▶ [Exercise brief]:
Exact copies of the records below are required.

****************************************

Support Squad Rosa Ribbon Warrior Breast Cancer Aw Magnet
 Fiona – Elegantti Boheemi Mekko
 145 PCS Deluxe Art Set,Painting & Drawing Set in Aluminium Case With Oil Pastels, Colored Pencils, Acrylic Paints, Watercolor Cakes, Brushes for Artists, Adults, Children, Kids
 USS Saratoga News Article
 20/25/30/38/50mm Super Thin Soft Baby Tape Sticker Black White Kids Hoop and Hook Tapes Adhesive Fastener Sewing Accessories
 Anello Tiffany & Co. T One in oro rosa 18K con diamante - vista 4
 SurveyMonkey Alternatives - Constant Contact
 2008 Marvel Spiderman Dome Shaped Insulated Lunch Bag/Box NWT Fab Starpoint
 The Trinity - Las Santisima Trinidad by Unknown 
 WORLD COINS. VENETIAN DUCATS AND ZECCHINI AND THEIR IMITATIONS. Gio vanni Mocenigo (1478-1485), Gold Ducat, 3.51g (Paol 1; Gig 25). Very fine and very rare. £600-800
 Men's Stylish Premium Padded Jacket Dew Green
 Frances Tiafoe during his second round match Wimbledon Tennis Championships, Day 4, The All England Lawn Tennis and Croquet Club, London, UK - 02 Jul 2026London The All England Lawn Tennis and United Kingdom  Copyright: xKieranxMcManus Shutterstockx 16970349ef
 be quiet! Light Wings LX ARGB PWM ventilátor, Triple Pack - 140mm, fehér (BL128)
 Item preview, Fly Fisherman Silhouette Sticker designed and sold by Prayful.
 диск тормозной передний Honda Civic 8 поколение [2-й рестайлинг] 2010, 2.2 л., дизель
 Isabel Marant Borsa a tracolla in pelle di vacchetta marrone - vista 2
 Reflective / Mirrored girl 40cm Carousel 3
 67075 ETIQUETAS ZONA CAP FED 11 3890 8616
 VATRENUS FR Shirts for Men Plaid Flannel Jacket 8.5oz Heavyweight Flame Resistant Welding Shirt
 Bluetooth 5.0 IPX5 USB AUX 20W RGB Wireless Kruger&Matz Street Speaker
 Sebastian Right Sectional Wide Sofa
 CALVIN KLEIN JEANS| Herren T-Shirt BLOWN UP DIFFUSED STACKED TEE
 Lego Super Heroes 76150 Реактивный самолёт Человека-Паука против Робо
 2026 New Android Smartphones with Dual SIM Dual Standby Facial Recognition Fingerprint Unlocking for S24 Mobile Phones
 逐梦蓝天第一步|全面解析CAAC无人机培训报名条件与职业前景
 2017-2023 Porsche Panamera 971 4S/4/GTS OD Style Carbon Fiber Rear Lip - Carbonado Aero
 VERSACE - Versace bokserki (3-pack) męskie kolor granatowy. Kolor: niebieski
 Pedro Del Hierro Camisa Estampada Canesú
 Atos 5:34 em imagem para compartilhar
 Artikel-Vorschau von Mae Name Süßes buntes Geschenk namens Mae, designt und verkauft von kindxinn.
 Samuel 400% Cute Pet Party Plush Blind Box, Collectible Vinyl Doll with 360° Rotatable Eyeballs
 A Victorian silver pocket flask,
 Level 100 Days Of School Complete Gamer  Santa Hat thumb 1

****************************************

▶ [Reply to the exercise]:
Support Squad Rosa Ribbon Warrior Breast Cancer Aw Magnet
 Fiona – Elegantti Boheemi Mekko
 145 PCS Deluxe Art Set,Painting & Drawing Set in Aluminium Case With Oil Pastels, Colored Pencils, Acrylic Paints, Watercolor Cakes, Brushes for Artists, Adults, Children, Kids
 USS Saratoga News Article
 20/25/30/38/50mm Super Thin Soft Baby Tape Sticker Black White Kids Hoop and Hook Tapes Adhesive Fastener Sewing Accessories
 Anello Tiffany & Co. T One in oro rosa 18K con diamante - vista 4
 SurveyMonkey Alternatives - Constant Contact
 2008 Marvel Spiderman Dome Shaped Insulated Lunch Bag/Box NWT Fab Starpoint
 The Trinity - Las Santisima Trinidad by Unknown 
 WORLD COINS. VENETIAN DUCATS AND ZECCHINI AND THEIR IMITATIONS. Gio vanni Mocenigo (1478-1485), Gold Ducat, 3.51g (Paol 1; Gig 25). Very fine and very rare. £600-800
 Men's Stylish Premium Padded Jacket Dew Green
 Frances Tiafoe during his second round match Wimbledon Tennis Championships, Day 4, The All England Lawn Tennis and Croquet Club, London, UK - 02 Jul 2026London The All England Lawn Tennis and United Kingdom  Copyright: xKieranxMcManus Shutterstockx 16970349ef
 be quiet! Light Wings LX ARGB PWM ventilátor, Triple Pack - 140mm, fehér (BL128)
 Item preview, Fly Fisherman Silhouette Sticker designed and sold by Prayful.
 диск тормозной передний Honda Civic 8 поколение [2-й рестайлинг] 2010, 2.2 л., дизель
 Isabel Marant Borsa a tracolla in pelle di vacchetta marrone - vista 2
 Reflective / Mirrored girl 40cm Carousel 3
 67075 ETIQUETAS ZONA CAP FED 11 3890 8616
 VATRENUS FR Shirts for Men Plaid Flannel Jacket 8.5oz Heavyweight Flame Resistant Welding Shirt
 Bluetooth 5.0 IPX5 USB AUX 20W RGB Wireless Kruger&Matz Street Speaker
 Sebastian Right Sectional Wide Sofa
 CALVIN KLEIN JEANS| Herren T-Shirt BLOWN UP DIFFUSED STACKED TEE
 Lego Super Heroes 76150 Реактивный самолёт Человека-Паука против Робо
 2026 New Android Smartphones with Dual SIM Dual Standby Facial Recognition Fingerprint Unlocking for S24 Mobile Phones
 逐梦蓝天第一步|全面解析CAAC无人机培训报名条件与职业前景
 2017-2023 Porsche Panamera 971 4S/4/GTS OD Style Carbon Fiber Rear Lip - Carbonado Aero
 VERSACE - Versace bokserki (3-pack) męskie kolor granatowy. Kolor: niebieski
 Pedro Del Hierro Camisa Estampada Canesú
 Atos 5:34 em imagem para compartilhar
 Artikel-Vorschau von Mae Name Süßes buntes Geschenk namens Mae, designt und verkauft von kindxinn.
 Samuel 400% Cute Pet Party Plush Blind Box, Collectible Vinyl Doll with 360° Rotatable Eyeballs
 A Victorian silver pocket flask,
 Level 100 Days Of School Complete Gamer  Santa Hat thumb 1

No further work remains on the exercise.